Mrs. Obama has her detractors, to be sure, who attack everything from her fashion choices to her bangs, to her focus on getting kids to put down the fried food, but little seems to have daunted the Chicago native, who says her mother taught her and her brothers that “you’d better do what you want to do and what you think is right, and have that be your guiding compass in your life” — rather than your “haters.”

“I’ve now known the first lady for 22 years,” Jarrett said. “And part of what has lifted her popularity not just as first lady, but throughout her life, was this sense of authenticity, this sense that if she takes on an issue it’s something she cares passionately about, and she throws herself completely into it, with the intent of making a difference.”
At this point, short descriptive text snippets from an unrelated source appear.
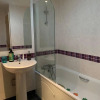 Отель Impeccable 2-bed Apartment in London, фото 6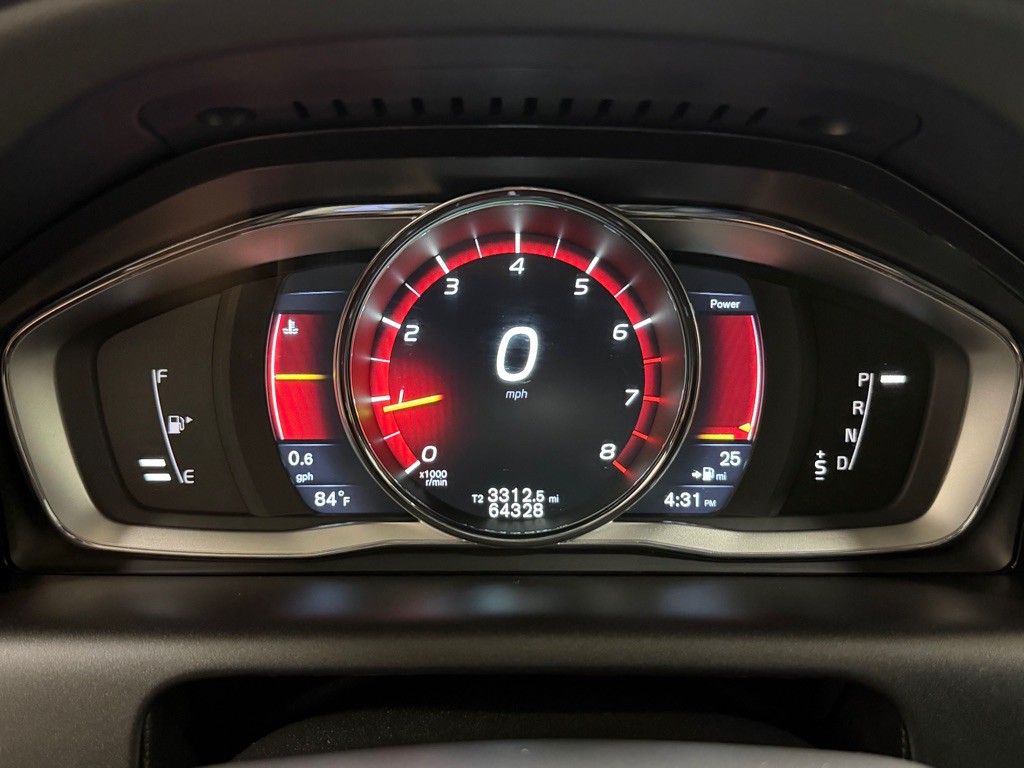 2016 Volvo XC60 Image 14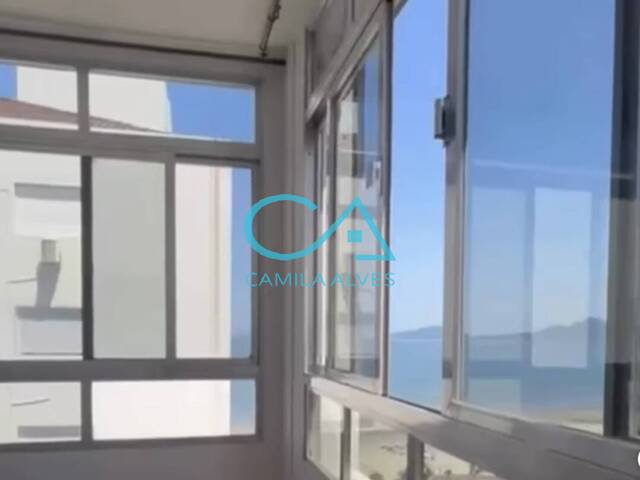 #155 - Apartamento para Venda em Santos - SP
That energy was on display as the first lady barnstormed the country recently, promoting her “Let’s Move! Active Schools” initiative, which focuses on healthy eating and fitness goals that the White House hopes will be adopted by 50,000 U.S. schools. She danced and exercised with 6,000 school kids and a spate of sports celebrities inside Chicago’s McCormick Center after delivering a heartfelt speech about growing up on the south side; she and Food Network star Rachel Ray judged a “cafeteria cook-off” in Clinton, Mississippi that pitted two school lunch ladies, paired with celebrity chefs, in a healthy lunch cooking contest that will be televised on Ray’s cable show; and toured a Springfield, Missouri Wal-Mart Pantry supermarket with a group of local parents and a pair of company executives.
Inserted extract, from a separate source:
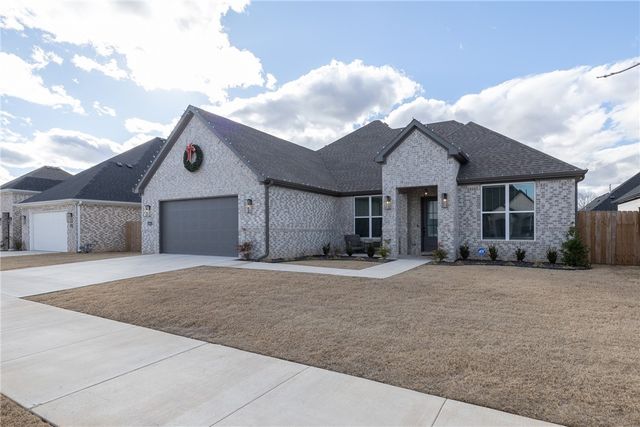 4831 N Parley Bend, Fayetteville, AR 72764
Last week, she held her first Google+ hangout, even getting participating third graders to do what could be considered be her signature dance move: the Dougie, which Mrs. Obama also used to close out her “mom dancing” routine with NBC late night host Jimmy Fallon — which has since become a Youtube hit.
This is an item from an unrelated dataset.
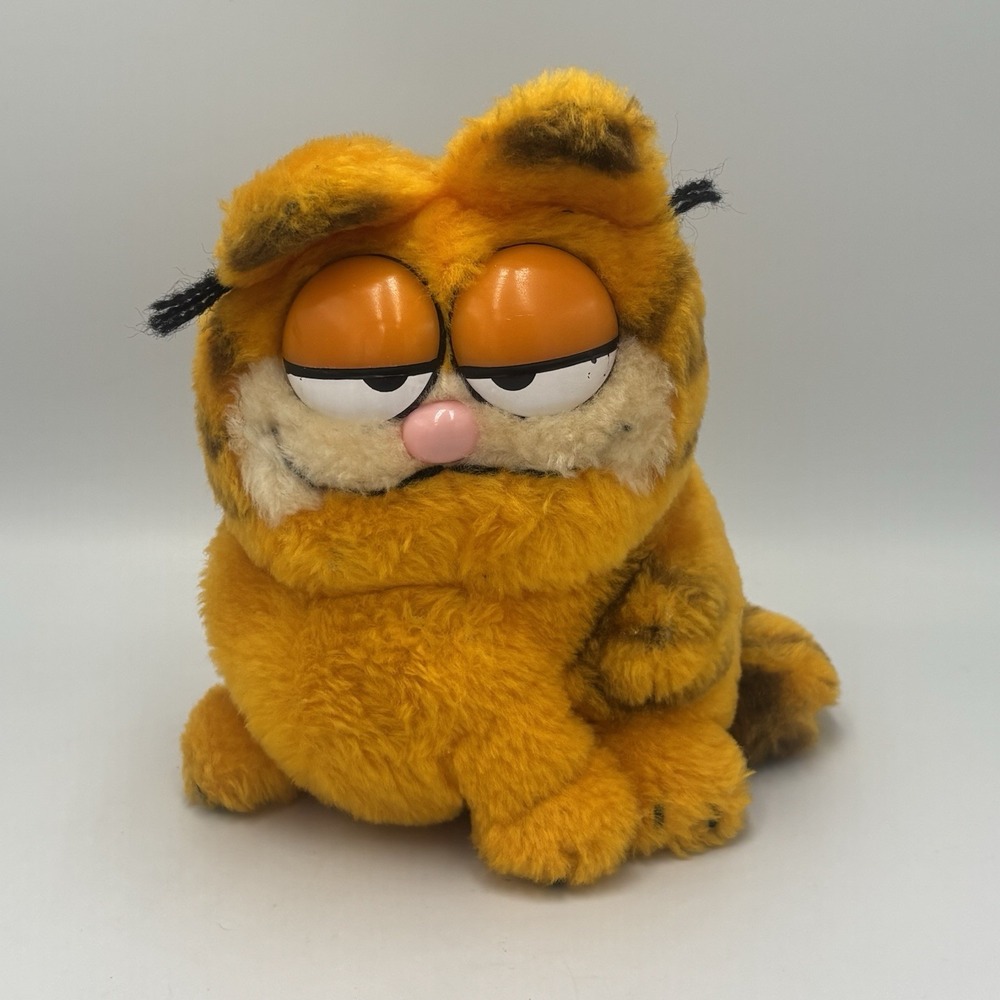 Vintage 1981 Dakin Garfield Plush 7” Sitting Orange Cat Stuffed Animal Toy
It’s part fun — Michelle Obama knows how to let her much-discussed hair down, particularly when surrounded by kids. But the First Lady’s moves are also about business. She has amassed an impressive list of corporate partners for her “Let’s Move” initiatives including Wal-Mart, Walgreens, Darden’s Restaurants, and Nike, which put up $50 million to support fitness programs including “Let’s Move! Active Schools,” which will be administered outside the White House.

Good health, good P.R., and good business

For the companies, it’s good P.R. and good business. Healthy food products are selling well enough in the U.S. that even fast food retailers are jumping on the bandwagon. And it doesn’t hurt for companies like Wal-Mart, which has had to defend itself against accusations of unfair labor practices and below-average wages, to associate themselves with the positive image of the first lady.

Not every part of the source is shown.